Learning Mixtures of Linear Dynamical Systems via Hybrid Tensor-EM Method
Hybrid AI method combines tensor guarantees with EM flexibility to decode brain activity patterns.
Researchers Lulu Gong and Shreya Saxena have introduced a novel hybrid method, 'Tensor-EM,' for learning Mixtures of Linear Dynamical Systems (MoLDS). MoLDS are crucial for modeling complex time-series data, like neural activity, where behaviors switch between different underlying dynamical patterns. The core challenge has been balancing the global identifiability guarantees of tensor-based methods with the fitting flexibility of Expectation-Maximization (EM) algorithms. This new approach directly tackles that by first using constructed moment tensors from input-output data to recover globally consistent initial estimates of system parameters and mixture weights, providing a robust starting point that pure EM methods lack.

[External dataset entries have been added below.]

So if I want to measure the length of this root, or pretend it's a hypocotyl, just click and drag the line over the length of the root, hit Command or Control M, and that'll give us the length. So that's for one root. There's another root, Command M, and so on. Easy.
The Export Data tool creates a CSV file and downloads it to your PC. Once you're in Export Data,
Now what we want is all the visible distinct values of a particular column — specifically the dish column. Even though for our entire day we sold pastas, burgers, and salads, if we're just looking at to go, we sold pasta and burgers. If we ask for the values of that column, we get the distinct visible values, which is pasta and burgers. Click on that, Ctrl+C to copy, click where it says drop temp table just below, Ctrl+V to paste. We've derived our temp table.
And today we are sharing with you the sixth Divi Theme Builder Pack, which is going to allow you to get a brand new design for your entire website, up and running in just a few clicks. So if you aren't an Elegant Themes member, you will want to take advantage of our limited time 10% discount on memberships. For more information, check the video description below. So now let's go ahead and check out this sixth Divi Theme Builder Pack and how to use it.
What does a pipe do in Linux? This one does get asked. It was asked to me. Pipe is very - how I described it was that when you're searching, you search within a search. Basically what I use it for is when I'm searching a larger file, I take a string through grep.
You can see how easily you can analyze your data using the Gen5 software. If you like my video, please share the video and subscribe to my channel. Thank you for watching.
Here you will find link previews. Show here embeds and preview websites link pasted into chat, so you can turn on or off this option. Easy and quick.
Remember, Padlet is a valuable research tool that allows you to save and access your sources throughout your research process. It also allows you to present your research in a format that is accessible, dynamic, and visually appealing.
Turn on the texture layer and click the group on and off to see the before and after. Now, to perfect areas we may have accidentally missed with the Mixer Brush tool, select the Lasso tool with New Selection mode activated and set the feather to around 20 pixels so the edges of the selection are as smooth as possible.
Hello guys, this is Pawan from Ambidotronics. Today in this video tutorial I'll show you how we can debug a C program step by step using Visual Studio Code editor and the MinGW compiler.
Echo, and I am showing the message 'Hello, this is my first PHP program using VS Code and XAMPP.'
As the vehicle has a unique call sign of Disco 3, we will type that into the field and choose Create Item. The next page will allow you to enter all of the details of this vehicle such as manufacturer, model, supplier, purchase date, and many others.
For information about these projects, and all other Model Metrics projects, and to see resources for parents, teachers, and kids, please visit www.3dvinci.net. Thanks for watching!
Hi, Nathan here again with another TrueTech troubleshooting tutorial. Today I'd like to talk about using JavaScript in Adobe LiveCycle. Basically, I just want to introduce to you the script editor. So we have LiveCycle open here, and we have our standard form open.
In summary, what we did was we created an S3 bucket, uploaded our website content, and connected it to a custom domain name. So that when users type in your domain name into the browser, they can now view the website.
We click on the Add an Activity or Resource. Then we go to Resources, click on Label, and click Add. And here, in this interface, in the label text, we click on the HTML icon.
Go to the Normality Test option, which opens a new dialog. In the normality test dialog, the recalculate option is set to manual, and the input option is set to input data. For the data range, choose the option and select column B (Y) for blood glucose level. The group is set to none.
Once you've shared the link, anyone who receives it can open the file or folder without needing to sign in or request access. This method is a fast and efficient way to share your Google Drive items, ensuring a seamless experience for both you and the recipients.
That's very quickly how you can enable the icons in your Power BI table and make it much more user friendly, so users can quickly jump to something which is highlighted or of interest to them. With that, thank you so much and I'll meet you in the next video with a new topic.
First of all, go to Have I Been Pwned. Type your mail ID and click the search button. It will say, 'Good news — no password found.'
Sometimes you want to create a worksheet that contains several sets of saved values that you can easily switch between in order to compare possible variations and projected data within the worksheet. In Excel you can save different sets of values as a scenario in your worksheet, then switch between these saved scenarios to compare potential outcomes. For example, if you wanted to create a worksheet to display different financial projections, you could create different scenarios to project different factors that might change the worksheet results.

The technical innovation lies in this two-stage process: the tensor stage ensures the model is identifiable and avoids poor local minima, while the subsequent Kalman EM stage refines all Linear Dynamical System (LDS) parameters with closed-form updates. Validated on synthetic data, Tensor-EM showed superior reliability and robustness compared to standalone methods. Its real-world impact was demonstrated by analyzing neural recordings from primates performing reaching tasks. The method successfully modeled the data and clustered different movement directions into separate, consistent subsystems, matching the accuracy of supervised fits. This proves MoLDS, learned via Tensor-EM, is a powerful, unsupervised framework for deciphering complex neural computations, with potential applications in neuroscience, robotics, and financial modeling.
- Hybrid method combines tensor-based identifiability guarantees with EM refinement for robust learning.
- Successfully modeled and clustered neural data from primate reaching tasks into interpretable subsystems.
- Outperformed pure tensor or randomly initialized EM methods on synthetic benchmarks for reliability.
Why It Matters
Provides a reliable, unsupervised AI tool for neuroscientists and engineers to model complex, switching behaviors in brain data and other dynamic systems.